The lines to print are the one containing "Plener rzeźbiarski piłami spalinowymi" and every line after it through the end of the entries below. Print them exactly and nothing else.

○ ○ ○ ○

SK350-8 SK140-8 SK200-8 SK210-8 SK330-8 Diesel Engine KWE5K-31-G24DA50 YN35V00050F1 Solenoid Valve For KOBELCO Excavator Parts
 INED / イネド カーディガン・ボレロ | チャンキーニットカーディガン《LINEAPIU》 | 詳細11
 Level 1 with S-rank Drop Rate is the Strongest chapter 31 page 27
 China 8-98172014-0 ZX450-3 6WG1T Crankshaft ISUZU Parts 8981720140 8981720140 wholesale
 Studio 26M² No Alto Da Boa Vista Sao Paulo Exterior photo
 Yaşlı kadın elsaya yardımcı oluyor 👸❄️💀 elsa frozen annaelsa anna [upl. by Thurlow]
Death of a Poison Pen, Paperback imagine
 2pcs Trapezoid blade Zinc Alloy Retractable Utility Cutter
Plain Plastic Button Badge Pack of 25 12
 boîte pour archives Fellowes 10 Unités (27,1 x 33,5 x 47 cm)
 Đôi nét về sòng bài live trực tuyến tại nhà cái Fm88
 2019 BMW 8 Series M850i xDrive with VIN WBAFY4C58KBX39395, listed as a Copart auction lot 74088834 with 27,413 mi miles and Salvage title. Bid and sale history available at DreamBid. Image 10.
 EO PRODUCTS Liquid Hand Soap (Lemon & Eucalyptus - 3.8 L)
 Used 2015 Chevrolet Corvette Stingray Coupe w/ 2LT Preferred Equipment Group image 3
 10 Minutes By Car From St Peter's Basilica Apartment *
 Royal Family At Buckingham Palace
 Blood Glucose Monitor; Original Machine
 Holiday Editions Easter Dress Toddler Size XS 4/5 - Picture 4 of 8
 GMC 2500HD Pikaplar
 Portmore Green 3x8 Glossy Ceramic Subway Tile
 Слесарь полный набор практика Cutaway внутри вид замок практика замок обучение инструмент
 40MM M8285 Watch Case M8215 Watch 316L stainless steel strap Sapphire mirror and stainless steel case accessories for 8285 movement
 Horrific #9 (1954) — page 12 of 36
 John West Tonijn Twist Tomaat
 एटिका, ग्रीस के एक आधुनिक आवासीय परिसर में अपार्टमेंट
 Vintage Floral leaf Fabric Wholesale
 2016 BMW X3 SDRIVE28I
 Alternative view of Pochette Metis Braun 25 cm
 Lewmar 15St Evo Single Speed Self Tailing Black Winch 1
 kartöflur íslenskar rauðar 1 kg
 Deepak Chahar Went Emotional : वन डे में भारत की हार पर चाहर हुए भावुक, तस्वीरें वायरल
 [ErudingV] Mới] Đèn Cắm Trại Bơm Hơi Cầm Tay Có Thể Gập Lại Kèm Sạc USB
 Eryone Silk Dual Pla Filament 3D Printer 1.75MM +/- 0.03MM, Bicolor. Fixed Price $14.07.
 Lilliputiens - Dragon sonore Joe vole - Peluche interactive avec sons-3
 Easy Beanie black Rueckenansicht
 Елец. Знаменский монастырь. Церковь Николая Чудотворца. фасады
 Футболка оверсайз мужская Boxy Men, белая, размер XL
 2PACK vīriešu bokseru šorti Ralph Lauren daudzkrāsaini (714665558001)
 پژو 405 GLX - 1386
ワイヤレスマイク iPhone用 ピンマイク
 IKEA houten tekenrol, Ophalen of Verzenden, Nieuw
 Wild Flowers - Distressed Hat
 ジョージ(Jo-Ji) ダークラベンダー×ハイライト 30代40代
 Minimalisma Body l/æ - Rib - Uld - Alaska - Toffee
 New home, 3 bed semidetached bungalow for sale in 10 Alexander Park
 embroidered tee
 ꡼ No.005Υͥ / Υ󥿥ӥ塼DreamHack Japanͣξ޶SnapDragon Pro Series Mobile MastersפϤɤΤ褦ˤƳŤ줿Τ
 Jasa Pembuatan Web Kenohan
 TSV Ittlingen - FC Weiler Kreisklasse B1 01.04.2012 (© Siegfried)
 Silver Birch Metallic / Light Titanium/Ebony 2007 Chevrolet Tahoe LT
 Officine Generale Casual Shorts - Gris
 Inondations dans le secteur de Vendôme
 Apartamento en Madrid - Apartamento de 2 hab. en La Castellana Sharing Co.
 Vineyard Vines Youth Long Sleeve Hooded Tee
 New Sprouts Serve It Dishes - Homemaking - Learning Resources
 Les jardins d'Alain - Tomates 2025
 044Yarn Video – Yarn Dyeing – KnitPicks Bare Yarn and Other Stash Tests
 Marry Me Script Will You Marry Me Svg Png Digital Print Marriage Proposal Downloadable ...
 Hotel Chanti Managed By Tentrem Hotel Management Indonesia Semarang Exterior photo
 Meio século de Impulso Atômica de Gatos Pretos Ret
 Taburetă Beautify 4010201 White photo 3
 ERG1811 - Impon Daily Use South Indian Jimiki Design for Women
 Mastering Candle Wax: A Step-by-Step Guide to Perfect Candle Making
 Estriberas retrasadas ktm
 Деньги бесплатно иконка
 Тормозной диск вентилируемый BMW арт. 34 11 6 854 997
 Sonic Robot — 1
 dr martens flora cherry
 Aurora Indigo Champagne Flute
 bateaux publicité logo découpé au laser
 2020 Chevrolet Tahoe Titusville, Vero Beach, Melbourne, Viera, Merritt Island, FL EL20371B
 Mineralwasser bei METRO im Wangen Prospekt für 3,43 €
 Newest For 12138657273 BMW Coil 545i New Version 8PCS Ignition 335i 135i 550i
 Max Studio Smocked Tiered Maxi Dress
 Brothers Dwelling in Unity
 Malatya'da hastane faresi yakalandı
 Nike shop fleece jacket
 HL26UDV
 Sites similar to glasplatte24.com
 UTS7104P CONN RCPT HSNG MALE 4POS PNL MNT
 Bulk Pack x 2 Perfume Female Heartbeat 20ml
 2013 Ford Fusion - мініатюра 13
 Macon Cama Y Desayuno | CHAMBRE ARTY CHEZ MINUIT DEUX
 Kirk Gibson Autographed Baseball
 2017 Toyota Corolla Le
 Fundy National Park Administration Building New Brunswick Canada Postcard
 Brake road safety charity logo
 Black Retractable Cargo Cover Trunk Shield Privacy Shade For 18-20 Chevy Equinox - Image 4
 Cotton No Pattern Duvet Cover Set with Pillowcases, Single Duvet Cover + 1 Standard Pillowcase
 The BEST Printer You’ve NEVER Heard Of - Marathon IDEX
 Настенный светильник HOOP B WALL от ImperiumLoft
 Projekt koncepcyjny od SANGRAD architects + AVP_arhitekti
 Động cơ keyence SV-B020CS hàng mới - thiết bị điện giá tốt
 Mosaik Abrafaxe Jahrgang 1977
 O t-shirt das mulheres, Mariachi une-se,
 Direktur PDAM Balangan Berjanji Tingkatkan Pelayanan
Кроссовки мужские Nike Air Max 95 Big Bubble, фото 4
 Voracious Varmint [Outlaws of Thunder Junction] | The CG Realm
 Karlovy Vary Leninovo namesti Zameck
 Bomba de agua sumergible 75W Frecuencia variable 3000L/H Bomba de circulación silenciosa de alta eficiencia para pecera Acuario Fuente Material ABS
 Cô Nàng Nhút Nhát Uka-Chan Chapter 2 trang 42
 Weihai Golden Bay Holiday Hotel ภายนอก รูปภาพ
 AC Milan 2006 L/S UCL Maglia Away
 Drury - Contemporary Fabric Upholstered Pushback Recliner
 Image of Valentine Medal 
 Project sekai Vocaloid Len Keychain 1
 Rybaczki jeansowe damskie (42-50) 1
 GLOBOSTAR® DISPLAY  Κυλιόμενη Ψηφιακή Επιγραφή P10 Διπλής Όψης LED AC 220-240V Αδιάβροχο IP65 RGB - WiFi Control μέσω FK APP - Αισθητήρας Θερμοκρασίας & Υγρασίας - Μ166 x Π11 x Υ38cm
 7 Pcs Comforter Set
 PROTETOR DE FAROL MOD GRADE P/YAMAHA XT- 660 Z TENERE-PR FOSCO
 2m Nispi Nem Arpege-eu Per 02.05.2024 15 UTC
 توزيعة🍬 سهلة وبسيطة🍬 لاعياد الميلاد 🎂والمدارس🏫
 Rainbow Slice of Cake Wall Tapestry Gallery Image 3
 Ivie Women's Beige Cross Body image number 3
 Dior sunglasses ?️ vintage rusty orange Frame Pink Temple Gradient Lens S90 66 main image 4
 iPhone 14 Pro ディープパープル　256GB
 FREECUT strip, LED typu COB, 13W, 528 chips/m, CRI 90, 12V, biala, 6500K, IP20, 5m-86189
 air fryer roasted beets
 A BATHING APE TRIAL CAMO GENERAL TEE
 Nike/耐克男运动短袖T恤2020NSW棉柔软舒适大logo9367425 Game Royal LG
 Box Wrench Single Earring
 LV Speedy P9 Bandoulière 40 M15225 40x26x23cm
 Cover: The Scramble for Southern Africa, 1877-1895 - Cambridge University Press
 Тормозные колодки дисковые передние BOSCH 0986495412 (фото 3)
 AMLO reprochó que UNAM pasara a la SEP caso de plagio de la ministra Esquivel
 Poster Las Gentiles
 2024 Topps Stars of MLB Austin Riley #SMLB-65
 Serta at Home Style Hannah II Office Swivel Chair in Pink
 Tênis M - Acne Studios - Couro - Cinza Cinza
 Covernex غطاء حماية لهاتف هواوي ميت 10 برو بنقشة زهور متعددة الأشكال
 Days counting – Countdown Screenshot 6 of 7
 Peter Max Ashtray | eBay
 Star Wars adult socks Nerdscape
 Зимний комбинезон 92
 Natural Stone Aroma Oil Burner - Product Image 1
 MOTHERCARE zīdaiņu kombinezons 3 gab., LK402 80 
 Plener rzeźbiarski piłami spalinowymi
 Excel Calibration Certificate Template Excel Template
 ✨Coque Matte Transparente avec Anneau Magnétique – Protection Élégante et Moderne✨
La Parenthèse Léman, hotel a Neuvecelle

○ ○ ○ ○

▶ **Written response**
 Plener rzeźbiarski piłami spalinowymi
 Excel Calibration Certificate Template Excel Template
 ✨Coque Matte Transparente avec Anneau Magnétique – Protection Élégante et Moderne✨
La Parenthèse Léman, hotel a Neuvecelle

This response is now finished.